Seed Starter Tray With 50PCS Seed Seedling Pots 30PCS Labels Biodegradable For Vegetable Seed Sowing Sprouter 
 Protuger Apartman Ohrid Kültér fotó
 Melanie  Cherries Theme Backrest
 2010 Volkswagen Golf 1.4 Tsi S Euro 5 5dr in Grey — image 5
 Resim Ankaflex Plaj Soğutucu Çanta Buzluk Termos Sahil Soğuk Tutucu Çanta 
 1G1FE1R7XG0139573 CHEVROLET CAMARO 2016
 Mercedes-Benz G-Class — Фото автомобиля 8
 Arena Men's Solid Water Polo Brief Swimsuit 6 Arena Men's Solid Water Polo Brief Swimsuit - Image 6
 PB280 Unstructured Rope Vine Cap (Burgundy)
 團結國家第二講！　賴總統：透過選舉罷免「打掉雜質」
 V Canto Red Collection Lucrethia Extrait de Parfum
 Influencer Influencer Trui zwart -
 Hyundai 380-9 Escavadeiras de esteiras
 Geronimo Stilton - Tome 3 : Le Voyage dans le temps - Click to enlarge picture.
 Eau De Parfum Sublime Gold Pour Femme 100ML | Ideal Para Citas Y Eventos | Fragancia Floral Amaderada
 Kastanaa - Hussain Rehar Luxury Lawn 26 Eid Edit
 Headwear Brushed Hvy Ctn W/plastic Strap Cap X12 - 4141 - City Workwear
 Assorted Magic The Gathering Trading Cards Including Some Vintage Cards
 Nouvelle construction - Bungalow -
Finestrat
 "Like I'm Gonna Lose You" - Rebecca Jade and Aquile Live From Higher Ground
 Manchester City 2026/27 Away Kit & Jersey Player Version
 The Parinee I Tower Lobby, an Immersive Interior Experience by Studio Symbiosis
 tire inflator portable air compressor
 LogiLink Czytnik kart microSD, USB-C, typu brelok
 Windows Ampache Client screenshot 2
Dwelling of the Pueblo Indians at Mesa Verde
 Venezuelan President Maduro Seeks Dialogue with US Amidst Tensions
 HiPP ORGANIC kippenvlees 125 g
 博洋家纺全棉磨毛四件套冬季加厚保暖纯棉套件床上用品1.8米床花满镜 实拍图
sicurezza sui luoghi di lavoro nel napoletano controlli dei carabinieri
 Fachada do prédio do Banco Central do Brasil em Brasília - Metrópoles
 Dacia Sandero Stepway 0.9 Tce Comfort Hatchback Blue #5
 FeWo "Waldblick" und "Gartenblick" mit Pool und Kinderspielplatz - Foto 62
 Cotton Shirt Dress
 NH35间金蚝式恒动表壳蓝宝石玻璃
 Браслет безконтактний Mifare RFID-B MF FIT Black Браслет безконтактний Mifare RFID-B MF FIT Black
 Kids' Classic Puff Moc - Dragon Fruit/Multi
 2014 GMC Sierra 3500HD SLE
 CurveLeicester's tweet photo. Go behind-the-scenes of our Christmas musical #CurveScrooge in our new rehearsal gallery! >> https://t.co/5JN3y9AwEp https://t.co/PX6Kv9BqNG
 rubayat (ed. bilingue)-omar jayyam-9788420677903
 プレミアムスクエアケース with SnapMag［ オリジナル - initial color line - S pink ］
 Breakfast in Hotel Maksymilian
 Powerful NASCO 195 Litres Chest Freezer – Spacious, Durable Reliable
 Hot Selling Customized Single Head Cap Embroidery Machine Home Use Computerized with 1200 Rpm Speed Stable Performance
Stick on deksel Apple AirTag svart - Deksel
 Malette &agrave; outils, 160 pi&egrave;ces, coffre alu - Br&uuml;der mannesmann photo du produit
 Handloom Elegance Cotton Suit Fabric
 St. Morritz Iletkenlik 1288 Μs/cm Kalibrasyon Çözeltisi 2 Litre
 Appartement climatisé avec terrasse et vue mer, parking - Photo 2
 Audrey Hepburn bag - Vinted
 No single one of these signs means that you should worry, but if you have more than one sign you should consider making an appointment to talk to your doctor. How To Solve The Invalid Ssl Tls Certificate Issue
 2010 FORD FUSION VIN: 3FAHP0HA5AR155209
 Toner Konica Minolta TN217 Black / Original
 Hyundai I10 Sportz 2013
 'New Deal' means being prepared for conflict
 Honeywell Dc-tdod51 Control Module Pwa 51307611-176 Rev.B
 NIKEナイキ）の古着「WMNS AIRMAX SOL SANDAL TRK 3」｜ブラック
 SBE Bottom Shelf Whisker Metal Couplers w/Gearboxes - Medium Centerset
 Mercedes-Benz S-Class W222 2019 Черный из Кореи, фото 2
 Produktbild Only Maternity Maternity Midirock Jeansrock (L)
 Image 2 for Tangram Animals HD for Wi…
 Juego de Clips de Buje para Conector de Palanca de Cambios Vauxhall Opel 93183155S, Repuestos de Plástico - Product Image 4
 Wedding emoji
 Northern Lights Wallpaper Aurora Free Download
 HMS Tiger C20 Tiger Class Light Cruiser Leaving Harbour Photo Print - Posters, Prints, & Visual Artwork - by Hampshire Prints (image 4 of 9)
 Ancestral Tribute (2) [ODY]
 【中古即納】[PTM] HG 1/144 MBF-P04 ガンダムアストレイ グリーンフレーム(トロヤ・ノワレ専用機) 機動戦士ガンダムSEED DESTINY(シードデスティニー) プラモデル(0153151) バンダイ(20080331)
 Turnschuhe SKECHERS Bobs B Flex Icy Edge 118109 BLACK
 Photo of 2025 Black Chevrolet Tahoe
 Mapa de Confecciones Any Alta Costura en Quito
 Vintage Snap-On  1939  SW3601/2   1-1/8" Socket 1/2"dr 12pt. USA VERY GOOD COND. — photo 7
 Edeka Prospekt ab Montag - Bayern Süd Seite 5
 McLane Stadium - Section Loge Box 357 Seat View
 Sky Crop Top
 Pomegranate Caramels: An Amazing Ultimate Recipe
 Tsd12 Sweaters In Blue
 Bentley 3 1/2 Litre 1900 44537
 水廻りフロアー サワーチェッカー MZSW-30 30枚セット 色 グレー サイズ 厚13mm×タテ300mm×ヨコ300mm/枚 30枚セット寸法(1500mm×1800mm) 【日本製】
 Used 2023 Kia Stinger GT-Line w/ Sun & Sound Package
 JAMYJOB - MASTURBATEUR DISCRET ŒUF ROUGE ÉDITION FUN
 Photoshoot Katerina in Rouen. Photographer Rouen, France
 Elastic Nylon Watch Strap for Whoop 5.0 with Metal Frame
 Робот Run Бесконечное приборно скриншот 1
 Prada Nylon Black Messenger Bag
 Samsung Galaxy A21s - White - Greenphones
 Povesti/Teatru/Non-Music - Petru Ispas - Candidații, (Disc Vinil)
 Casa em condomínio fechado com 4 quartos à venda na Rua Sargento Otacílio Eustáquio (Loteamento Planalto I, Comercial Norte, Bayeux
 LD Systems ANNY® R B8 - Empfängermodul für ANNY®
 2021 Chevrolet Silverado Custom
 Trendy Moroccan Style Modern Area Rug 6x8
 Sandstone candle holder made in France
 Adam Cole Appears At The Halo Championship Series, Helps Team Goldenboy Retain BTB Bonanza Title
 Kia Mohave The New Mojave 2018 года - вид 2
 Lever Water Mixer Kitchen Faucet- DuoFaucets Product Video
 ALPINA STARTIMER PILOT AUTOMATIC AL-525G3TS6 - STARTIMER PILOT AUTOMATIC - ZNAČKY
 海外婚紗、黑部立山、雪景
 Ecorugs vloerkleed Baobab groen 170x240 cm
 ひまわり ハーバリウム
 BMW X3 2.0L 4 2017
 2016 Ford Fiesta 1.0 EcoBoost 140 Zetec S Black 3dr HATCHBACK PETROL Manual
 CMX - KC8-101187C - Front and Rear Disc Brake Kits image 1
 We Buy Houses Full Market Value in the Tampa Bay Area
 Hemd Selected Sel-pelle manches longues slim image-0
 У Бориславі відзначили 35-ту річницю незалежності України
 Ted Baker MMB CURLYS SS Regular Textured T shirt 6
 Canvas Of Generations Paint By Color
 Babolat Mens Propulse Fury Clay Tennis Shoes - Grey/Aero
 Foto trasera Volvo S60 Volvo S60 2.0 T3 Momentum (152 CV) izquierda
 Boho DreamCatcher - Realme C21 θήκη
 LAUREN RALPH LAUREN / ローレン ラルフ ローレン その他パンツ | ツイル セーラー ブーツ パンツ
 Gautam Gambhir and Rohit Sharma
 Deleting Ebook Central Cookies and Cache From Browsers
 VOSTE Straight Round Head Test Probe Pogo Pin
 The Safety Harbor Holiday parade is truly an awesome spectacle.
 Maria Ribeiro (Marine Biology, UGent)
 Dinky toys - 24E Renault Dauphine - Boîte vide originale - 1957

********

The stopping point is the line containing "Arena Men's Solid Water Polo Brief Swimsuit 6". Reproduce exactly every line of the material from the first through that one.

Seed Starter Tray With 50PCS Seed Seedling Pots 30PCS Labels Biodegradable For Vegetable Seed Sowing Sprouter 
 Protuger Apartman Ohrid Kültér fotó
 Melanie  Cherries Theme Backrest
 2010 Volkswagen Golf 1.4 Tsi S Euro 5 5dr in Grey — image 5
 Resim Ankaflex Plaj Soğutucu Çanta Buzluk Termos Sahil Soğuk Tutucu Çanta 
 1G1FE1R7XG0139573 CHEVROLET CAMARO 2016
 Mercedes-Benz G-Class — Фото автомобиля 8
 Arena Men's Solid Water Polo Brief Swimsuit 6 Arena Men's Solid Water Polo Brief Swimsuit - Image 6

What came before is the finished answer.